Am Spielplan geht am unteren Rand die Santa Timea unter, am oberen Rand finden sich die drei rettenden Inseln, offensichtlich mit Punktewerten für Steuermänner und Matrosen versehen, und am rechten Planrand sind Bootsteile von 1 bis 7 nummeriert, die Boote beginnen auf der untersten Reihe von Wellenkämmen, jeder setzt reihum sein Boot, der Startspieler zuletzt noch das schwarze Boot, damit ist immer ein Boot mehr im Spiel als es Mitspieler gibt. Hier muss man schon gut aufpassen, den später ist Spurenwechsel nicht erlaubt, man fährt gerade auf die Insel zu, und die haben doch recht unterschiedliche Punktewerte. Die Farben der Boote haben im weiteren Verlauf des Spieles eigentlich keine Bedeutung mehr, sie dienen nur am Ende als Tiebreaker – sollt es gleiche Punktezahlen geben, gewinnt der Spieler, dessen Boot als erstes eine Insel erreicht hat. Nun beginnt wieder der Startspieler mit dem Setzen von Figuren in die Boote, solange bis alle Steuermänner und Matrosen untergebracht sind, in jedem Boot ist Platz für höchstens sechs Insassen.

 

Damit können wir anfangen, die rettenden Inseln anzusteuern, gespielt wird in Runden, die ihrerseits wieder aus Phasen bestehen:

 

Es gibt drei Phasen:

In Phase Eins bekommt EIN Boot ein Leck

In Phase Zwei fährt EIN Boot

In Phase steigen die Seeleute um

 

Und hier geht es schon los – kein Würfeln, kein Karten ausspielen, gar nix – es wird einfach abgestimmt, das heißt, jeder wählt aus seinen Karten die für das Boot aus, das untergehen soll, und legt es verdeckt vor sich ab. Alle können natürlich drohen, Bündnisse anbieten, taktische Hinweise geben, Versprechungen machen und so hoffen, die anderen zu beeinflussen, es sei jedoch ausdrücklich festgehalten, dass all diese Zusagen, Angebote und Versprechungen nicht bindend sind und bei erster sich bietender Gelegenheit ignoriert werden können.
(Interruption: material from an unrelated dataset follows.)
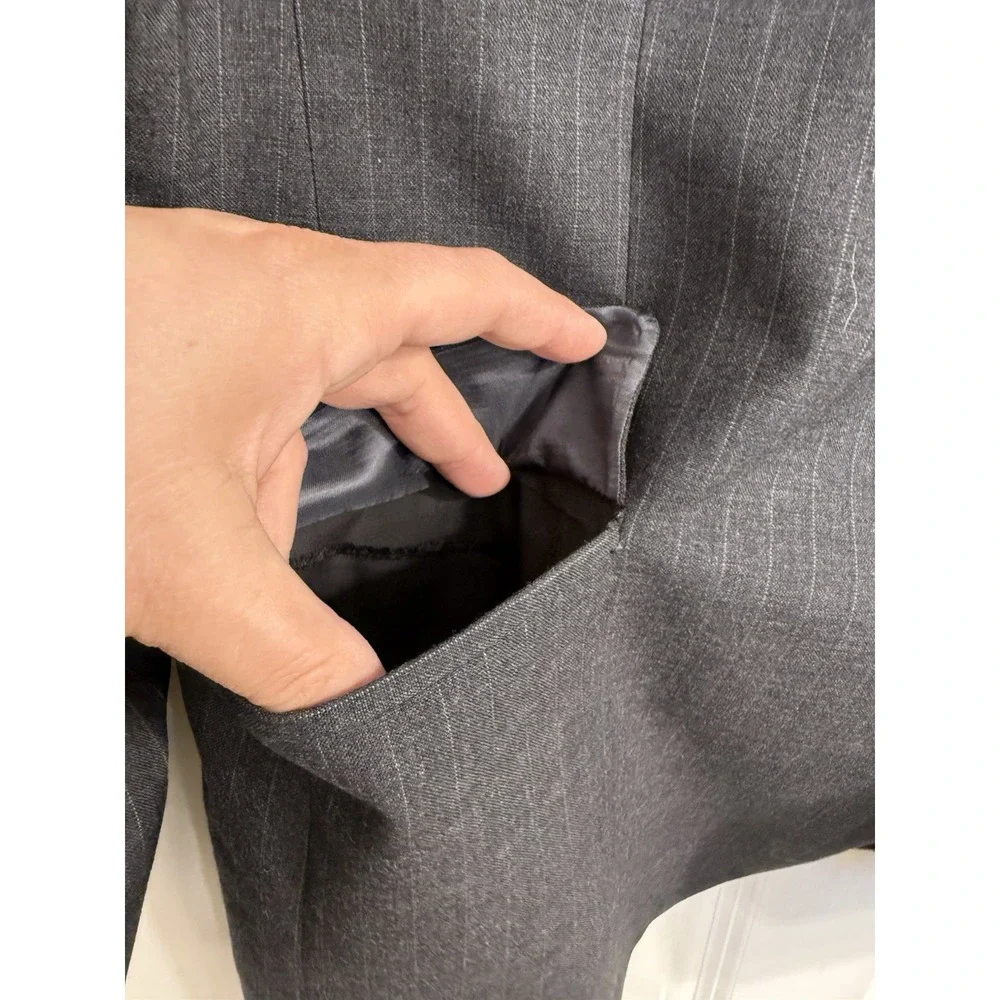 HART SCHAFFNER MARX Blazer Men's 44R‎ Gray Pinstripe Australian Wool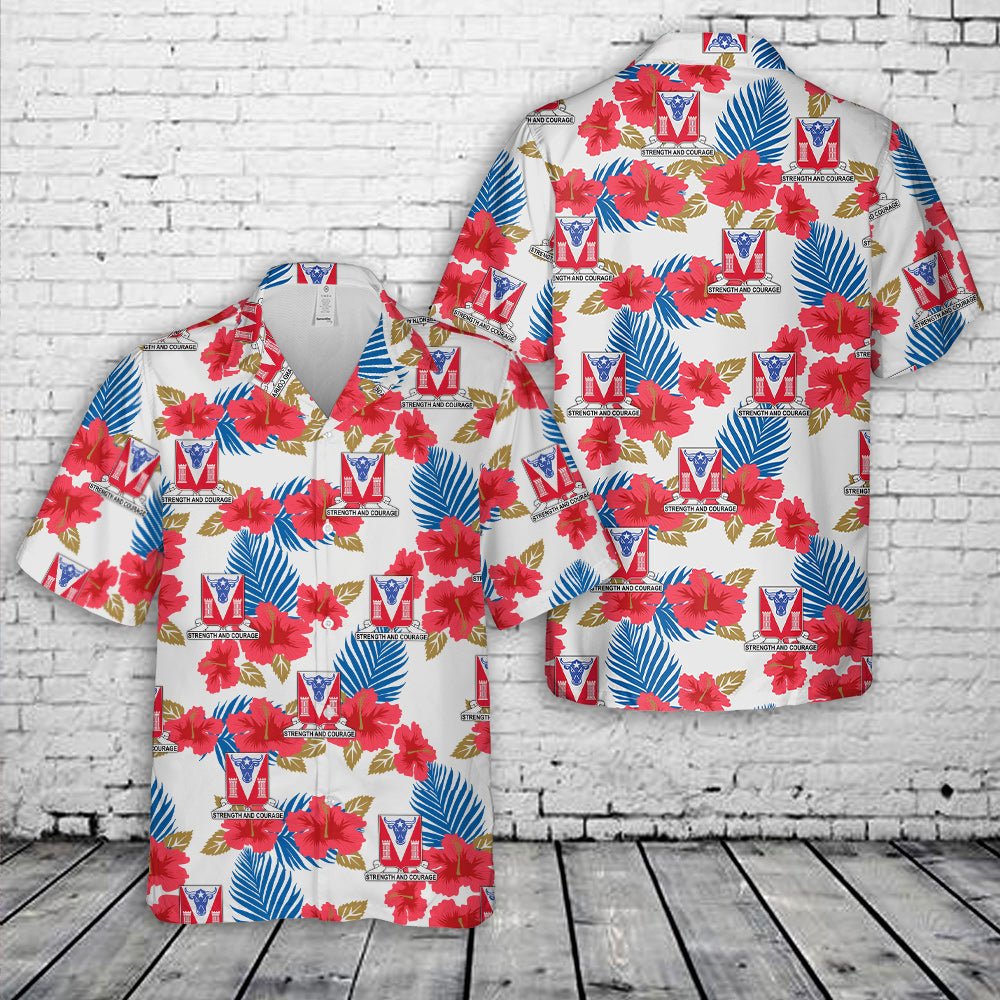 US Army 82nd Brigade Engineer Unit Crest Hawaiian Shirt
Absolut nicht erlaubt ist es jedoch, eine einmal aufgedeckte Karte zurückzunehmen.

Für eine Runde diskussionsfreudiger Spieler empfiehlt sich das Bereithalten und auch Verwenden einer Sanduhr!

 

Der Beschluss wird mit einfacher Mehrheit gefasst, gibt es einen Gleichstand, entscheidet der Startspieler zwischen den am Gleichstand beteiligten Booten. Wer sich gar nicht auf Versprechungen, Zusagen etc. verlassen will, kann natürlich auch eine Kapitänskarte spielen und den Mehrheitsbeschluss außer Kraft setzen, damit sollte man aber sparsam umgehen, denn man hat nur drei Kapitänskarten und im Gegensatz zu den Bootskarten geht eine benutzte Kapitänskarte aus dem Spiel. Auch noch bedenken muss man, dass auch die Kapitänskarte keine Garantie dafür ist, dass man die eigenen Interessen durchsetzt, denn hat ein zweiter Spieler oder gar mehrere Spieler die gleiche glorreiche Idee, dann wird es nix mit dem allein Entscheiden, die Karten gelten nicht und es bleibt beim Mehrheitsentscheid, und im eher unwahrscheinlichen Fall, dass alle eine Kapitänskarte spielen, hat wieder einmal der Startspieler das Sagen.

 

Hat man es nun geschafft, zu einem Entschluss zu kommen, wobei sich die Chronik und die Spielregel darüber ausschweigt, wer inzwischen Sturm und sonstige Leck begünstigende Einflüsse anhält – und nein, wir wollen darüber jetzt nicht auch noch debattieren – wird in das betroffene Boot ein blauer Stein gelegt, der das Loch sprich Leck markiert. Ist in diesem Boot noch Platz, dann ist halt jetzt einfach ein Sitz durch Wasser belegt und damit hat es sich für den Moment, allerdings bleibt dieser Platz dauerhaft nass und kann nie mehr von einem Seemann besetzt werden.

 

Sollte allerdings ein Boot leckschlagen, in dem kein Platz mehr frei ist, dann geht das Abstimmen von vorne los, welcher Seemann muss weichen damit das Wasser eindringen kann. Abstimmen dürfen jetzt allerdings nur mehr Spieler, von denen mindestens eine Figur im Boot sitzt und jeder Steuermann hat zwei Stimmen und jeder Matrose nur eine, Gleichstände werden wie üblich durch den Startspieler entschieden. Ein Steuermann geht nur über Bord, wenn kein gleichfarbener Matrose vorhanden ist.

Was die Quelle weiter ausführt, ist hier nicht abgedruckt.